Cardiac dysfunction is a major cause of high mortality in sepsis. A well-organized cardiac microenvironment, consisting of cardiomyocytes and non-cardiomyocytes, is essential for maintaining heart function. The mechanism is still unclear.

Methods

Single-cell and single-nuclei RNA sequencing of the left ventricular tissues from cecal ligation and puncture-induced septic shock mice models were used to detect the change of cardiac cells.
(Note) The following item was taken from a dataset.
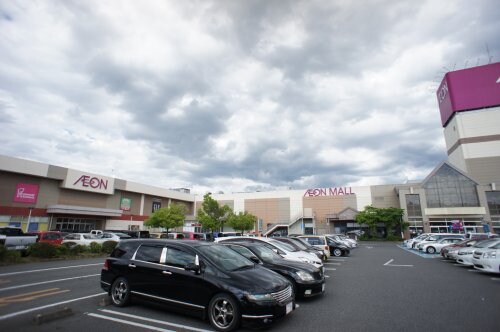 イオンモール小山(ショッピングセンター/アウトレットモール)まで1379m ピーノ・ヴィオラ 住居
Immunofluorescence of myocardial tissue was conducted to validate key cell subpopulations, and PKM2 siRNA-loaded targeting nanomaterials were used to observe the role of Mac2.

Results

The noncontractile phenotype of cardiomyocytes was major type following sepsis. Rel+ resident macrophages (Rel+ Mac), sepsis-specific cardiac resident macrophages subpopulation, presented metabolic reprogramming with high glycolysis signatures, established a pro-inflammatory niche in septic heart. Mechanistically, Rel+ Mac contributed to cardiomyocyte contractile phenotype switching after sepsis by ITGB1, ITGA9, LAMA2, ITGA4, IL6, TNF, VCAM1 and MMP13 signal axis. Furthermore, Rel+ Mac orchestrated broader microenvironment disruption by interacting with vascular leakage-associated venous endothelial cells and pericytes, vascular hypo-responsiveness associated smooth muscle cells, and cardiac matrix remodeling fibroblasts subpopulation FB3. Targeting Rel+ Mac metabolic reprogramming by PKM2 siRNA-loaded with nanomaterials protected cardiac function after sepsis.

Conclusions

Rel+ Mac, along with associated microcirculation and stromal cells, disrupt the cardiac niche and synergistically contribute to the occurrence of sepsis-induced cardiac dysfunction. Among which, Rel⁺ macrophages act as key contributors within a broader network (mitochondrial dysfunction, Ca²⁺ mishandling, oxidative stress). These results may provide targets and strategies for the treatment of sepsis-induced myocardial injury in a multifaceted and integrated manner.